Sebegitu sayangnya sampai suatu waktu aku sedih, hatiku sakit, aku akan membayangkan sebuah skenario Mamaku meninggal. Bukan karena aku mau. Tapi karena aku akan merasa sakit yang kurasakan saat ini tidak akan sesakit ditinggalkan Mama yang seperti Semesta bagiku. 

Mama adalah support system-ku yang paling utama. Satu hal yang selalu kuingat dari perkataan Mama, “Bi, jadilah orang baik yang punya hati. Orang dengan hati baik itu memang akan ngalamin cobaan yang lebih berat daripada orang yang hatinya biasa-biasa saja atau jahat. Kamu akan ngerasa lebih sakit hati dan ngerasa lebih sedih kalau disakiti. Tapi itu semua worth it. Kamu bisa bangkit. Kamu sakit sekarang, tapi nanti nggak akan sakit. Dan kamu akan tumbuh.”

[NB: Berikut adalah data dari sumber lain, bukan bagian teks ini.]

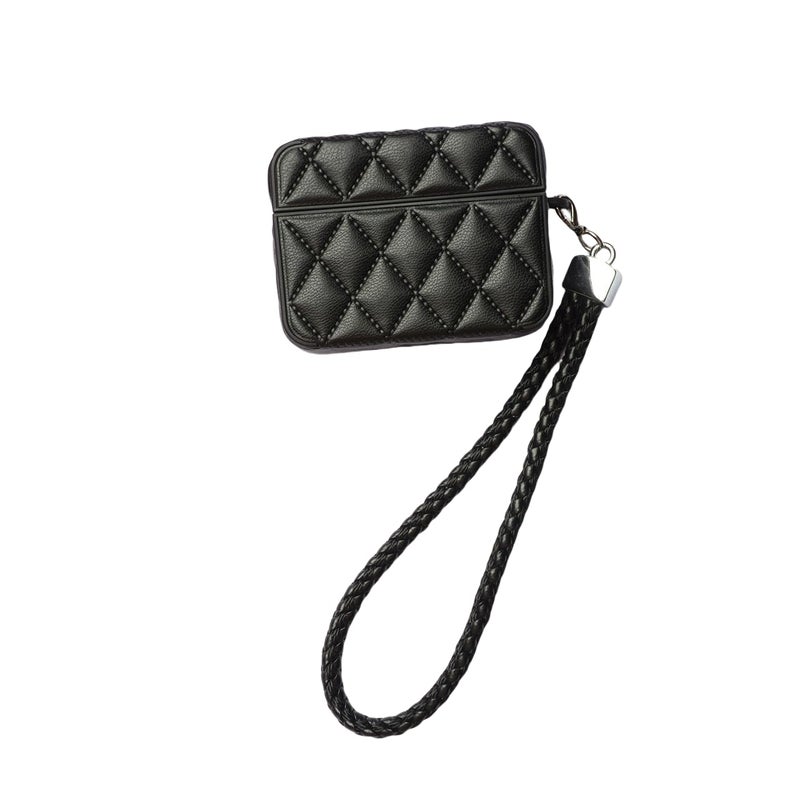 ELVRLA Earphone Case for AirPods Pro, Elegant Classical Diamond PU Leather Surface Earphone Case Soft Silicone Case, AirPods Pro Cover Protective Case Skin Protector for Earbuds +Lanyard-Black - Image 1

Aku mengingat advice itu kapan pun aku merasa down.

Dengan quote itu, serta cinta kasih Mama, aku akan baik-baik saja. Aku menyayangi Mama. Tapi kalau rasa sayangku tidak akan pernah membalas cinta Mama yang tanpa pamrih, aku akan mencintai anakku nanti di masa depan seperti cinta Mama kepadaku.


Mama adalah pengajar yang tepat bagaimana cara untuk menjadi seorang ibu yang baik.


Bia sayang Mama, Ma. Terima kasih untuk pembicaraan kemarin pagi.